● Input material
————————

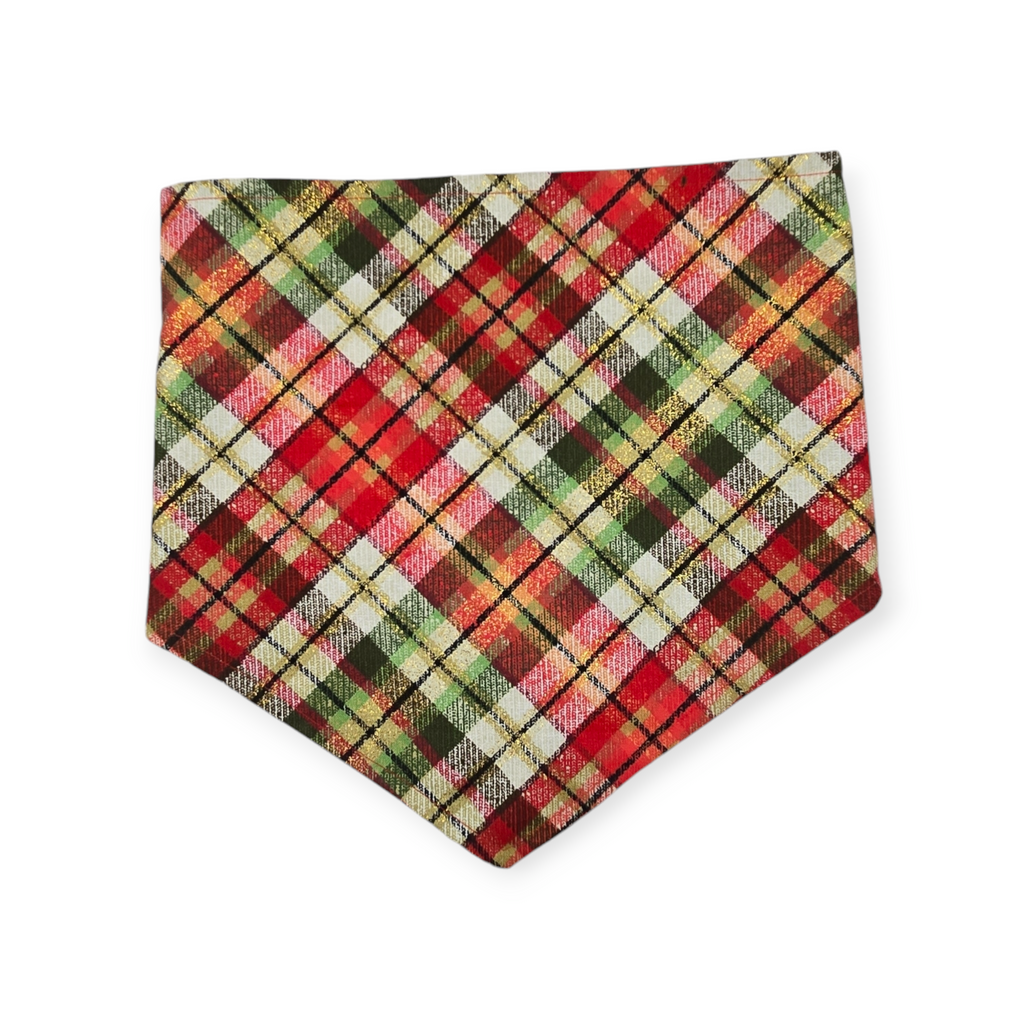 Cowboy Christmas/Glittery Christmas Plaid Reversible Tie-on Bandana (Large)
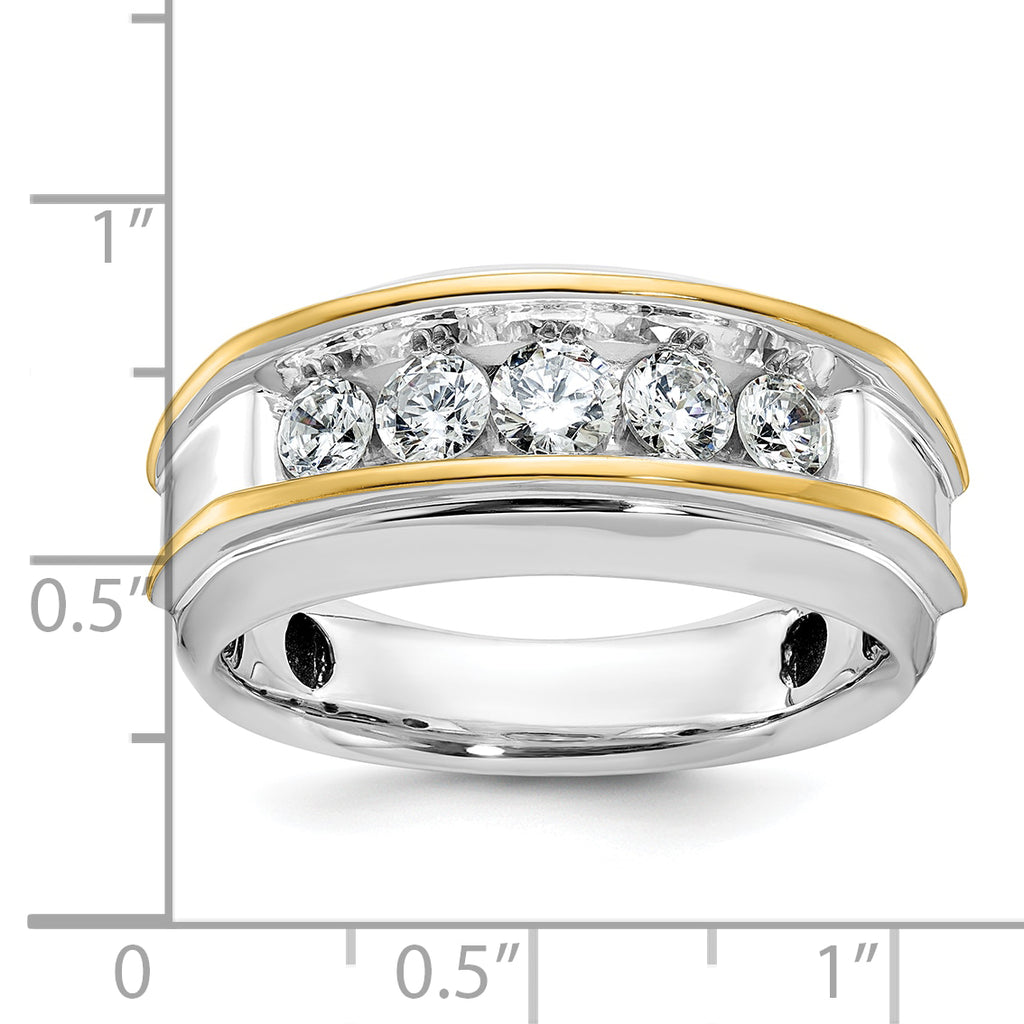 10k Two-tone Men's Polished 5-Stone 1 Carat A Quality Diamond Ring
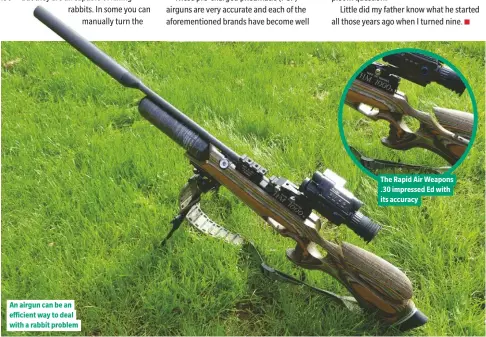  ??  ?? An airgun can be an efficient way to deal with a rabbit problem
The Rapid Air Weapons .30 impressed Ed with its accuracy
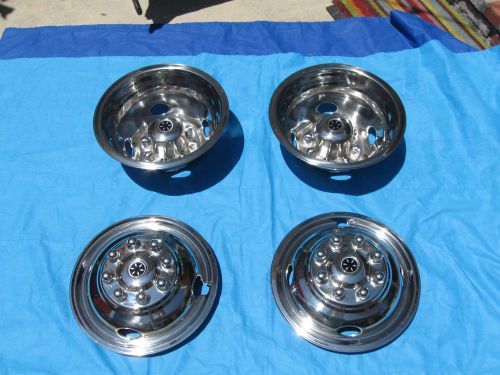 Dicor wheel covers fastliner 16" stainless simulators rv ford 07 to 16 e350 e450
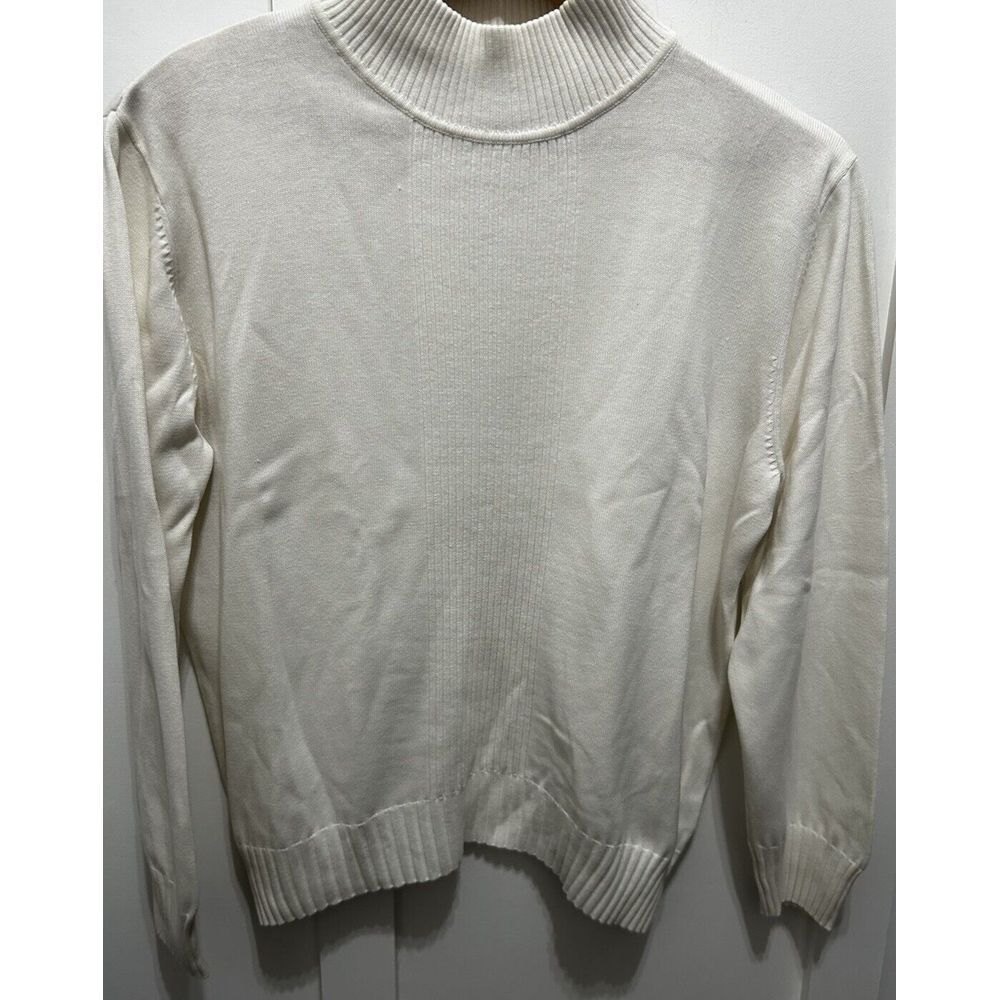 New Dressbarn Womens Knit Sweater‎ Size XL Mock Neck Long Sleeve Cream Ivory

————————

● Work task
Return every entry word for word, minus the pictures.

● Your solution
 Cowboy Christmas/Glittery Christmas Plaid Reversible Tie-on Bandana (Large)
 10k Two-tone Men's Polished 5-Stone 1 Carat A Quality Diamond Ring
  ??  ?? An airgun can be an efficient way to deal with a rabbit problem
The Rapid Air Weapons .30 impressed Ed with its accuracy
 Dicor wheel covers fastliner 16" stainless simulators rv ford 07 to 16 e350 e450
 New Dressbarn Womens Knit Sweater‎ Size XL Mock Neck Long Sleeve Cream Ivory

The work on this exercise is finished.